This last version has become my bread and butter.
No longer am I bound by the constraints of the QWS application and no longer do my own users (so far consisting of me, myself, and I until I get to the point I can make this all user friendly enough for my non-technical coworkers to benefit from it) need to suffer through the flashing updates of a primitive looking terminal screen as a foreign scripting language rushes through the automated performance of the same keystrokes and button presses a human user would need to perform in order to accomplish the same task.
I can finally drive the whole thing directly from a Node application, which will eventually (in theory) have a user-friendly React application on top of it, to invisibly submit commands to the IBM3270 server and pull responses directly from the stdout stream without dumping those responses to the screen first. Better yet, after pulling those responses from the output stream, the necessary data can be stripped out and shoved right back in to create a truly functional automated system that can look up our new cases, identify other cases involving the same defendant, download the affidavits of probable cause from the arresting law enforcement officers, and then find all the individuals involved in the cases as well as any other pending cases that have yet to be declared conflicts and ensure one of our attorneys is free of any conflicting obligations with anyone else in the case.
I'll even be able to populate the PDF conflict sheets with the assigned attorneys and draft an email to their firms informing them and the courts of the pending assignment.
I can't send the emails though. There's an Office 365 policy blocking the Power Automate application from sending emails outside the delaware.gov domain. I also can't get the necessary credentials to access the exchange email server directly from my code. I can dump the documents on OneDrive though and automatically create an email DRAFT I only need to send, so I've got a workaround until it's all mature enough that I can go up the chain of command and maybe even get permission to do all this stuff the right way.

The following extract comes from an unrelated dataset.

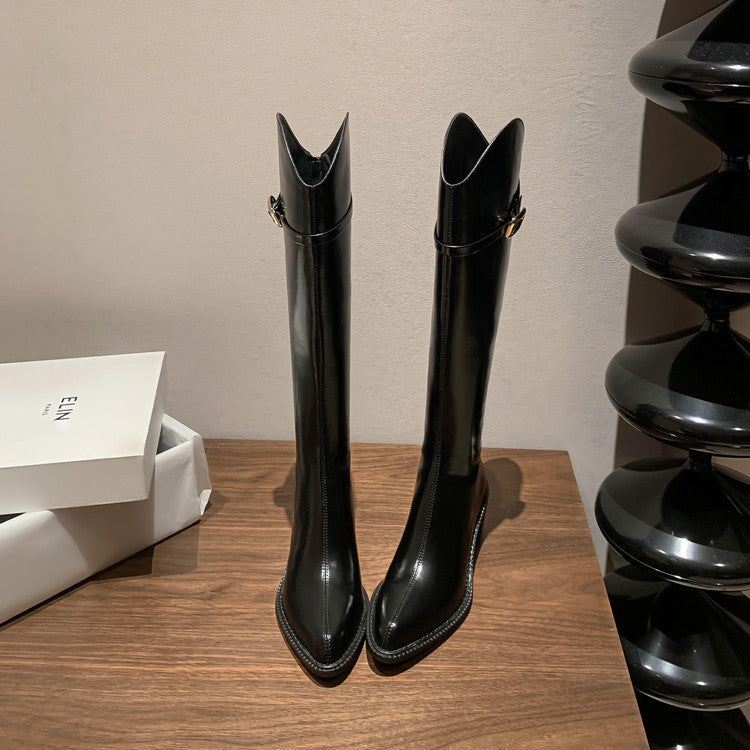 Karin Luna Classic Model In Stock Spot Goods  Elegant Belt Buckle Pointed Toe Chunky Heel Long Boots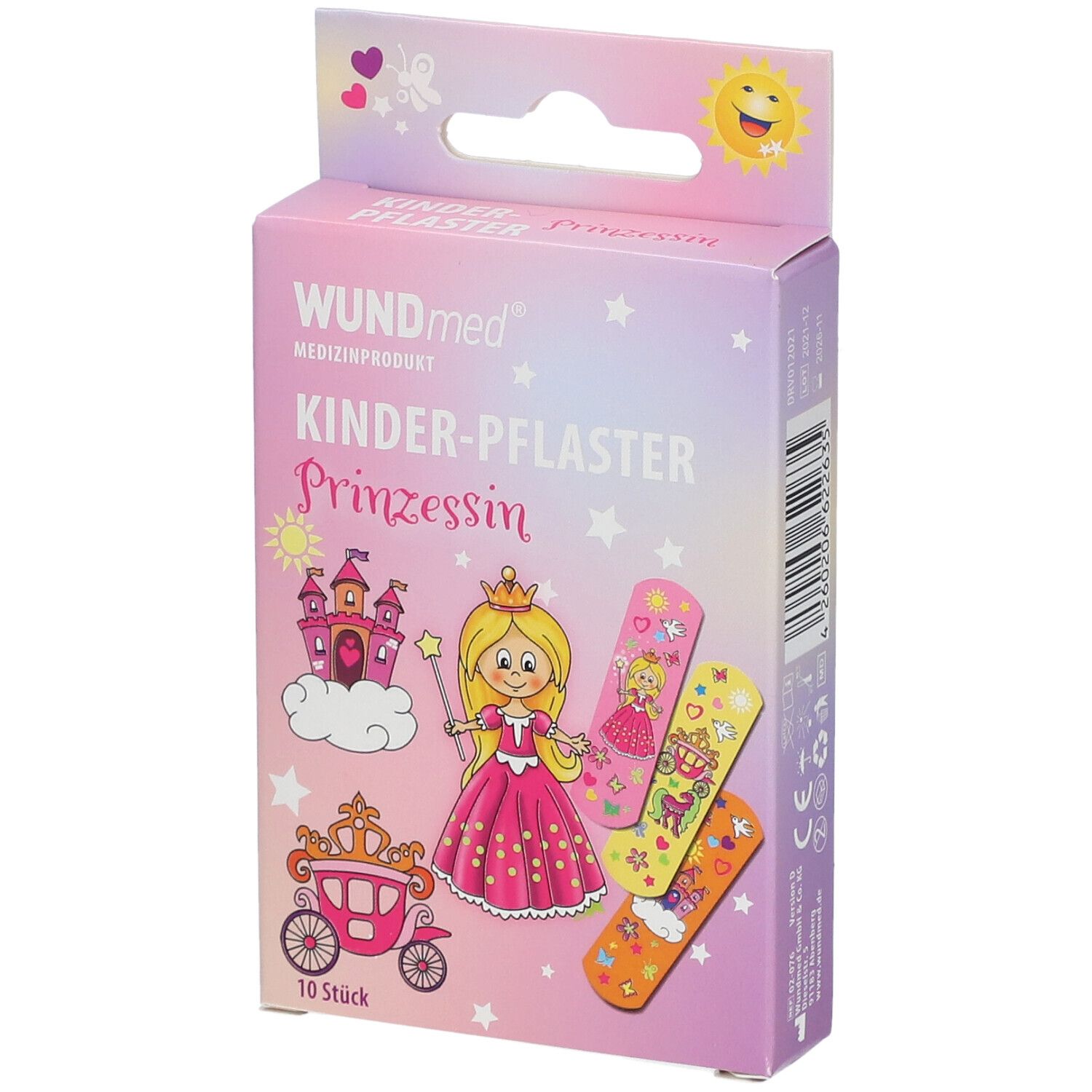 Verpakking WUNDmed kinderpleisters Prinses met 10 stuks. Toont een prinses, kasteel en koets.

I'm having fun though and if it works it will save Zoƫ and I a bunch of time and effort.
kOS: Kerbal Operating System
Another game I enjoy playing is "Kerbal Space Program". Similar to Space Engineers, the purpose of the game is to design, build, and fly space ships. The key difference is that KSP relies on realistic physics and requires a basic grasp of orbital mechanics to succeed and has no vanilla mechanism for automating the spaceships using code. There is, however, a mod that enables this functionality called "kOS" or "Kerbal Operating System". The mod introduces a few new parts that allow players to write scripts in a unique kOS language to control various aspects of the attached ship.

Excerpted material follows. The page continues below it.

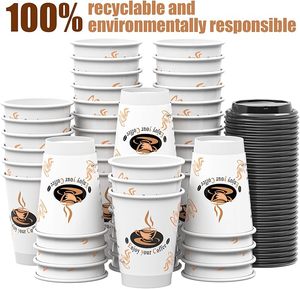 Gobelets à paroi simple en papier de pâte à papier biodégradable pour boissons chaudes/froides 6oz-32oz Impression flexographique de logo personnalisé - Product Image 3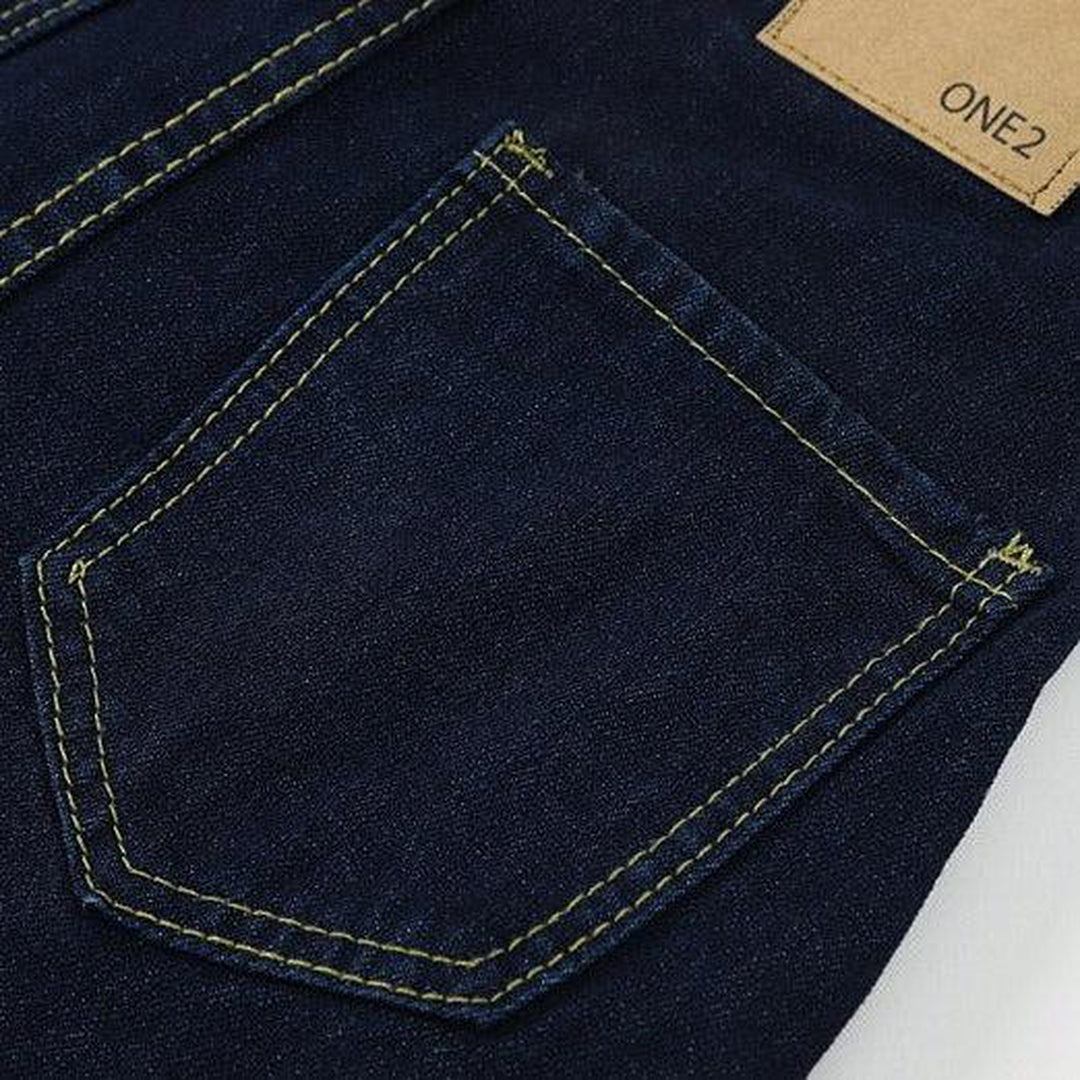 Langer Jeansrock mit rechteckigen Taschen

One of the existing features in the KSP campaign mode is the requirement to unlock new parts by performing science experiments in different settings. Limited science points are available around the starting space center with more points available from advanced experiments in orbit of or on the surface of different planets and moons. The tedious grind comes when you fly a craft jam packed with experiments and experiment storage parts to a distant setting and then need to manage the interactions with all of them to exhaustively collect the science data and store it for transmission or return to the home planet.
While the kOS mod allows player to automate many of the functions of their space craft, when I first installed it there was no mechanism for "collecting" the science data from experiments into the storage containers. I found this limiting so I cloned the source repository for the mod, spent some time learning the code base, and created a pull request to implement this functionality. I was satisfied to learn that the pull request was eventually merged into the main codebase of the mod.
"JRRagon" Chess
First off, "JRR" are my daughter's initials and her nickname has been "the Dragon" since before she had a name, hence "JRRagon", and I built this after she first started getting into Chess.
The video is a quick demo of some of the functionality that had been completed as of the time of recording the video. The first game is played automatically using the rudimentary "AI" that just chose legal moves at random. "PERFT" is not quite an acronym used in Chess AI programming to mean "performance test" and "PERFT(1)" is looking ahead by one move, so when the window shows "PERFT(1)", it's showing all the legal moves the active player could make from that board position. Since the AI is still in (very) early development here, the green highlight is the "best" move, which is evaluated based on nothing and is actually selected entirely at random. The game is pretty long (151 moves) because it's hard for either side to gain a real advantage when it has no strategy at all.
The second game allows White to win by "Fool's Mate". Black can win by "Fool's Mate" in only two moves while it takes White three, but for no particular reason I played the slightly longer game.
Several other features are hinted at without being demoed on the pause screen, including loading and saving; setting a custom board position using "FEN", a condensed means of storing a game state including board positions, active player, castling rights, etc; and setting up a network game. This video was made prior to the establishment of the Node "Lobby" server, so network games at this point were constrained to clients running on directly accessible hosts.